(WORK INSTRUCTIONS): Copy out the entire listing precisely.

(RECORDS FOR THE TASK):
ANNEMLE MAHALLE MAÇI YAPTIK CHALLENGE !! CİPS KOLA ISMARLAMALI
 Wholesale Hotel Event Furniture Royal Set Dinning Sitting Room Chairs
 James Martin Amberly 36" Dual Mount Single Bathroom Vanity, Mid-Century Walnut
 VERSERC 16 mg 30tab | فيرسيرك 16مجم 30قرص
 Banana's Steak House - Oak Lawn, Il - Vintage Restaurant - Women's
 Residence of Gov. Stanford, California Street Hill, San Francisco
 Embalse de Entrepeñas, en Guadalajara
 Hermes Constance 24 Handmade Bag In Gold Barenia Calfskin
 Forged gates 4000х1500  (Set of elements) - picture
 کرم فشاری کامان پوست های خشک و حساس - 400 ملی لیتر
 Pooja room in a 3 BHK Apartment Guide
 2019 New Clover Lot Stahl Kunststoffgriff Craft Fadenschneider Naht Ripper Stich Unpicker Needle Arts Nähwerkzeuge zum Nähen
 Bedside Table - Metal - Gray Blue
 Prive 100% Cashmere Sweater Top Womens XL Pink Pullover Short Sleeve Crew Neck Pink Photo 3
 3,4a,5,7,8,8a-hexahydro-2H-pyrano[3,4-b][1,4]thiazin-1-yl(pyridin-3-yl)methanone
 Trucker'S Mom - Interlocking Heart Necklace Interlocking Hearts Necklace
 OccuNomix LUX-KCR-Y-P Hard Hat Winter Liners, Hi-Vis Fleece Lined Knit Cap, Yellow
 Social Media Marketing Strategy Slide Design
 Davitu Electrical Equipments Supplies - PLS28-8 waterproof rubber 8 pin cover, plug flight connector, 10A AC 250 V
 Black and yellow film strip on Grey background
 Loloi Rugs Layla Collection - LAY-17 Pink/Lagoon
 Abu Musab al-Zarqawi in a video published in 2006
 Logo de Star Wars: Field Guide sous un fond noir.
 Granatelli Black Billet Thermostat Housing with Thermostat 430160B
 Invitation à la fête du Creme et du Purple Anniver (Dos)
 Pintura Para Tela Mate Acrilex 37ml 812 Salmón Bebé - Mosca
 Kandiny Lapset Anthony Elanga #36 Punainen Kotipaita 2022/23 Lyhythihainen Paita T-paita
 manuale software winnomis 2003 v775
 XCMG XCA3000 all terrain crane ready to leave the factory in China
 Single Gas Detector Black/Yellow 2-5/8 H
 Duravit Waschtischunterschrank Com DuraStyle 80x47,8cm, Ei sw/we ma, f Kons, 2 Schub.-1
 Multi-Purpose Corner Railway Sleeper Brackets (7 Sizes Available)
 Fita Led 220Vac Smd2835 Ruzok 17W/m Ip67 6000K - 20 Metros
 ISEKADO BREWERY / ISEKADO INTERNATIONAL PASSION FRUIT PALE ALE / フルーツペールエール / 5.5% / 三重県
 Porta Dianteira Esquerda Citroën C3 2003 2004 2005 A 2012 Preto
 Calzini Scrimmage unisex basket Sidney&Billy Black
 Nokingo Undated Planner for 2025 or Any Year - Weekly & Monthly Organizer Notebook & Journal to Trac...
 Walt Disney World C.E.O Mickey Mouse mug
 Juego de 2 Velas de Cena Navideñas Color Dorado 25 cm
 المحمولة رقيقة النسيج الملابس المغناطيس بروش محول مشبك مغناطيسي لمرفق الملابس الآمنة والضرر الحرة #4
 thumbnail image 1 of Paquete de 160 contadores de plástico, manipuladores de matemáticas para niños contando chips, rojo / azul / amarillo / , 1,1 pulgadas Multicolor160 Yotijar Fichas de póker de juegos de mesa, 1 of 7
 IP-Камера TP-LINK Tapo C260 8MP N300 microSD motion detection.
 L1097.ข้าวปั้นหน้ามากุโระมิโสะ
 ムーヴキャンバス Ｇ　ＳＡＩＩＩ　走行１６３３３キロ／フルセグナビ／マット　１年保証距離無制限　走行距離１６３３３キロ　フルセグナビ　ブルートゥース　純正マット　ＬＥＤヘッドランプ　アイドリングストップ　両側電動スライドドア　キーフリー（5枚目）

(RESPONSE AREA):
ANNEMLE MAHALLE MAÇI YAPTIK CHALLENGE !! CİPS KOLA ISMARLAMALI
 Wholesale Hotel Event Furniture Royal Set Dinning Sitting Room Chairs
 James Martin Amberly 36" Dual Mount Single Bathroom Vanity, Mid-Century Walnut
 VERSERC 16 mg 30tab | فيرسيرك 16مجم 30قرص
 Banana's Steak House - Oak Lawn, Il - Vintage Restaurant - Women's
 Residence of Gov. Stanford, California Street Hill, San Francisco
 Embalse de Entrepeñas, en Guadalajara
 Hermes Constance 24 Handmade Bag In Gold Barenia Calfskin
 Forged gates 4000х1500  (Set of elements) - picture
 کرم فشاری کامان پوست های خشک و حساس - 400 ملی لیتر
 Pooja room in a 3 BHK Apartment Guide
 2019 New Clover Lot Stahl Kunststoffgriff Craft Fadenschneider Naht Ripper Stich Unpicker Needle Arts Nähwerkzeuge zum Nähen
 Bedside Table - Metal - Gray Blue
 Prive 100% Cashmere Sweater Top Womens XL Pink Pullover Short Sleeve Crew Neck Pink Photo 3
 3,4a,5,7,8,8a-hexahydro-2H-pyrano[3,4-b][1,4]thiazin-1-yl(pyridin-3-yl)methanone
 Trucker'S Mom - Interlocking Heart Necklace Interlocking Hearts Necklace
 OccuNomix LUX-KCR-Y-P Hard Hat Winter Liners, Hi-Vis Fleece Lined Knit Cap, Yellow
 Social Media Marketing Strategy Slide Design
 Davitu Electrical Equipments Supplies - PLS28-8 waterproof rubber 8 pin cover, plug flight connector, 10A AC 250 V
 Black and yellow film strip on Grey background
 Loloi Rugs Layla Collection - LAY-17 Pink/Lagoon
 Abu Musab al-Zarqawi in a video published in 2006
 Logo de Star Wars: Field Guide sous un fond noir.
 Granatelli Black Billet Thermostat Housing with Thermostat 430160B
 Invitation à la fête du Creme et du Purple Anniver (Dos)
 Pintura Para Tela Mate Acrilex 37ml 812 Salmón Bebé - Mosca
 Kandiny Lapset Anthony Elanga #36 Punainen Kotipaita 2022/23 Lyhythihainen Paita T-paita
 manuale software winnomis 2003 v775
 XCMG XCA3000 all terrain crane ready to leave the factory in China
 Single Gas Detector Black/Yellow 2-5/8 H
 Duravit Waschtischunterschrank Com DuraStyle 80x47,8cm, Ei sw/we ma, f Kons, 2 Schub.-1
 Multi-Purpose Corner Railway Sleeper Brackets (7 Sizes Available)
 Fita Led 220Vac Smd2835 Ruzok 17W/m Ip67 6000K - 20 Metros
 ISEKADO BREWERY / ISEKADO INTERNATIONAL PASSION FRUIT PALE ALE / フルーツペールエール / 5.5% / 三重県
 Porta Dianteira Esquerda Citroën C3 2003 2004 2005 A 2012 Preto
 Calzini Scrimmage unisex basket Sidney&Billy Black
 Nokingo Undated Planner for 2025 or Any Year - Weekly & Monthly Organizer Notebook & Journal to Trac...
 Walt Disney World C.E.O Mickey Mouse mug
 Juego de 2 Velas de Cena Navideñas Color Dorado 25 cm
 المحمولة رقيقة النسيج الملابس المغناطيس بروش محول مشبك مغناطيسي لمرفق الملابس الآمنة والضرر الحرة #4
 thumbnail image 1 of Paquete de 160 contadores de plástico, manipuladores de matemáticas para niños contando chips, rojo / azul / amarillo / , 1,1 pulgadas Multicolor160 Yotijar Fichas de póker de juegos de mesa, 1 of 7
 IP-Камера TP-LINK Tapo C260 8MP N300 microSD motion detection.
 L1097.ข้าวปั้นหน้ามากุโระมิโสะ
 ムーヴキャンバス Ｇ　ＳＡＩＩＩ　走行１６３３３キロ／フルセグナビ／マット　１年保証距離無制限　走行距離１６３３３キロ　フルセグナビ　ブルートゥース　純正マット　ＬＥＤヘッドランプ　アイドリングストップ　両側電動スライドドア　キーフリー（5枚目）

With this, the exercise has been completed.